MOBILE APP DESIGN CONCEPT
The Clipper Card mobile app is an easy way for San Francisco Bay Area commuters to manage their Clipper transit system accounts. With it, riders can sign up for a new card or link their existing card, view available balance, add money and monthly passes, manage payment methods, setup automatic payments, view account activity, and use their phone in place of a card to tag into bus, train, and ferry systems.
The project was completed in a two week design sprint as student work while in the UXDI program at General Assembly.
Defining the Project
For this project, I worked with a team of three other designers to identify and address issues that could improve public transportation in the Bay Area. With a daily ridership of over a million people, this presented a great opportunity to make a meaningful difference. Through the process, I sought to develop a better understanding of who the riders were, how they interacted with the system, and what common challenges they faced. The ultimate goal was to design a product that would encourage ridership by improving the public transit user experience.
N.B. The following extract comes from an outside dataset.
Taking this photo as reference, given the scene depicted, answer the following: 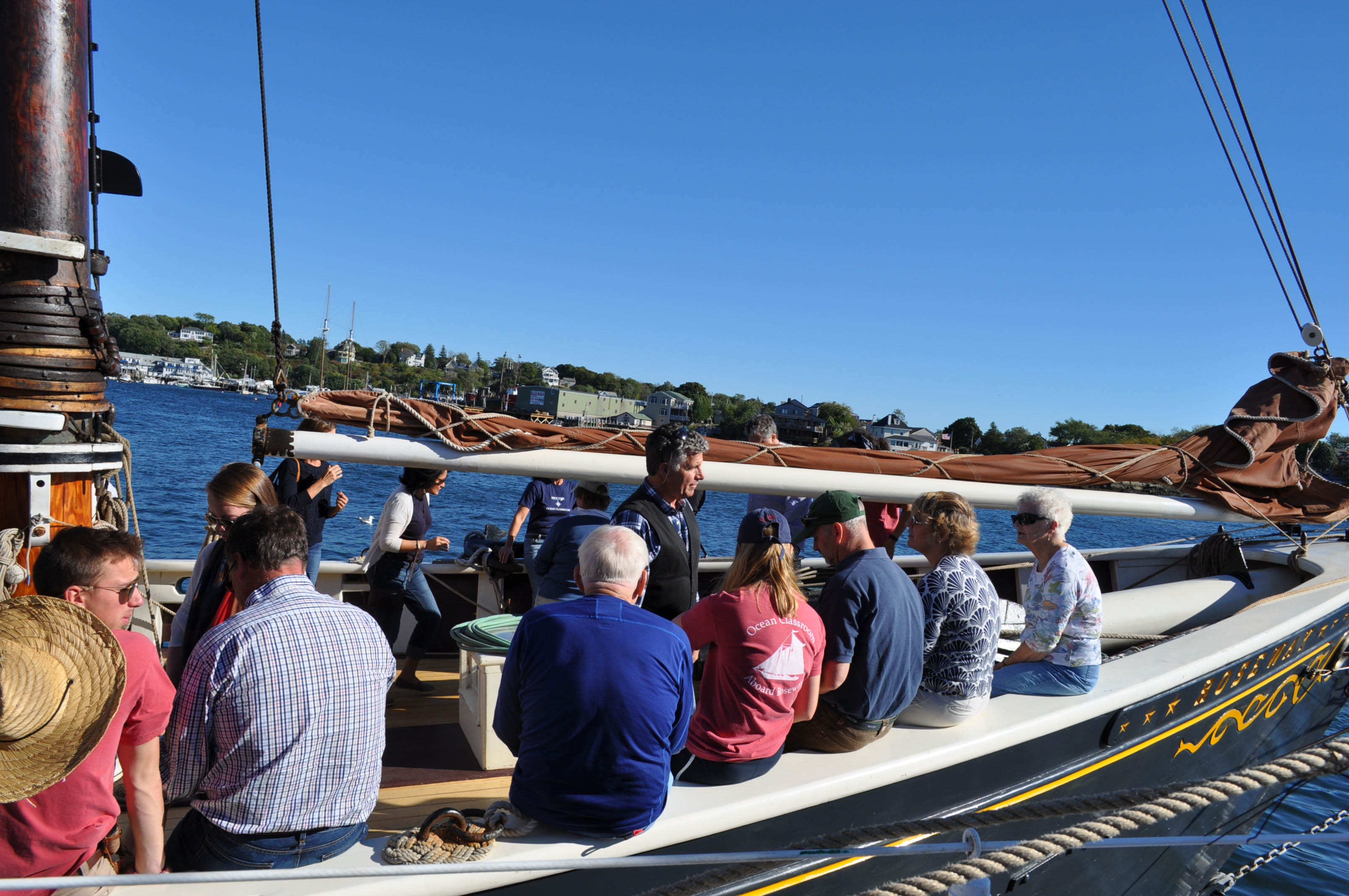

Our team started with a brainstorming session to consider potential problems facing riders and created an affinity map that identified scheduling, delays, payment, navigation and crowds as key areas to focus our attention. We designed a survey to get feedback from users and develop an understanding of rider behavior.
The survey results clearly showed that most of our users were commuters who had been riding for over a year and use Clipper Cards to pay for their trips. The surprising thing we found when interviewing was that a lot of people weren't aware of Clipper's most convenient features. Instead of setting up automatic payments or using the website to add value, they were using add fare machines in BART stations or taking their cards into local stores to be refilled.
The strategy for solving this problem was to create a mobile application that would allow people to manage their account balance, setup automatic payments, or sign up for a new digital Clipper Card and use their phones instead of a physical card. We worked together to figure out what the initial user flow would look like, then I built a quick and dirty prototype so we could start testing with users as quickly as possible.
User testing gave good initial insights into what worked and what didn't with the prototype. A few of the steps in the sign up process were also confusing and we looked at how we could streamline the signup flow as much as possible. I designed a new series of pages and built a prototype for the next round of testing.
The Final Product
We were really happy with the final result of our design process. The concept resonated with people and nearly everyone who saw the prototype said they would love to see this app be built.
The most important takeaway I had from this project was to get something built and start testing with users as soon as possible. Our initial prototype was very basic, with simple text, boxes and icons representing the ideas we wanted to include but receiving feedback so early gave us a much stronger sense of direction going forward.